In the fall of 2008, I was a captain deployed to a small FOB in southern Iraq. I spent most of my days overseeing Iraqi contractors attempting to rebuild that shattered country, but I also had the great fortune of being able to see my own country start to descend into its own brand of chaos. On September 15, 2008 Lehman brothers declared bankruptcy marking the beginning of one of the most chaotic points in American Financial History.
What was Grizzly Dad doing at that point? In addition to enjoying the sites of Babil Province, I was dumping every spare penny I had into my Vanguard Brokerage Account. It wasn’t much, but it was all the combat pay I had saved over the previous months. Overall, between July and the end of September, I dropped $23k into short-term bonds and my money market account, getting ready. A couple weeks after the Lehman bankruptcy, I started buying the stock market. Some of those initial purchases lost 50% in the first month. Later ones did much better. Overall, those purchases I made from a converted shipping container in Iraq over a spotty internet connection were some of the best buys I’ve ever made. It wasn’t much, but being able to put money into the market when things are most crazy and everyone else is panicking is more valuable than gold.
In order to make those purchases, you actually have to have capital available that hasn’t itself been wiped out in the chaos. The Grizzlies intend to have that capital available when everyone else is shitting themselves. The first step we’ve taken is to simply shift into a dramatically less risky asset allocation. Overall, we have moved our portfolios to a mix of about 80% bonds, with much of that in government inflation-protected securities. The remaining 20% in stocks will likely stay for a few more months for two primary reasons – taxes on short-term capital gains and remaining diversification. It will likely come out as well once we hit 2018 and a new tax year. To give you a better picture of what our projected portfolio return looks like now, here is a quick chart from our personal capital account. This is simply how our present portfolio would have performed over the last 30 years:
Do we miss out on some upside? I suppose you could call it that, but I’ll take also missing out on those wild swings down on the other side. We are closer to one of those than many think.

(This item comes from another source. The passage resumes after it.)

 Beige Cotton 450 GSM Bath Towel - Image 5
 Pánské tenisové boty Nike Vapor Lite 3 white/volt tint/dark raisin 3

All of this doom and gloom doesn’t mean the Grizzlies have completely given up on risky investments. We’ve just given up on risky public investments for the time being. That does not mean that there are not profitable investments available.
Both Grizzly Mom and I are turning a significant portion of our time and brainpower to finding profitable locations where we can deploy portions of our capital. Where are these magical places to put your money? Well, we’ll write about a few of them in more detail as we actually find them. But here are the broad areas where we are looking:
- Relatively low priced real-estate in our new home – Kansas City – and other areas around the mid-west. Even prices here have started to get a little crazy, but there are still many pockets where good returns can be had with limited investment.
- Private Companies. There are several very good mid-west angel investment pools that have great track records based right here in our fair little city. These aren’t your Silicon Vally VCs dropping >$100m on a juice machine. Their portfolios are largely interesting B2B, healthcare, or industrial companies with solid business plans, good track records, gray-haired management teams, and good financial results already in the bag. They just don’t have rich SF tech bros flinging bags of cash at them.
- Our own ventures. Grizzly Mom and I now have some freedom and some time on our hands. We might just join or build something cool.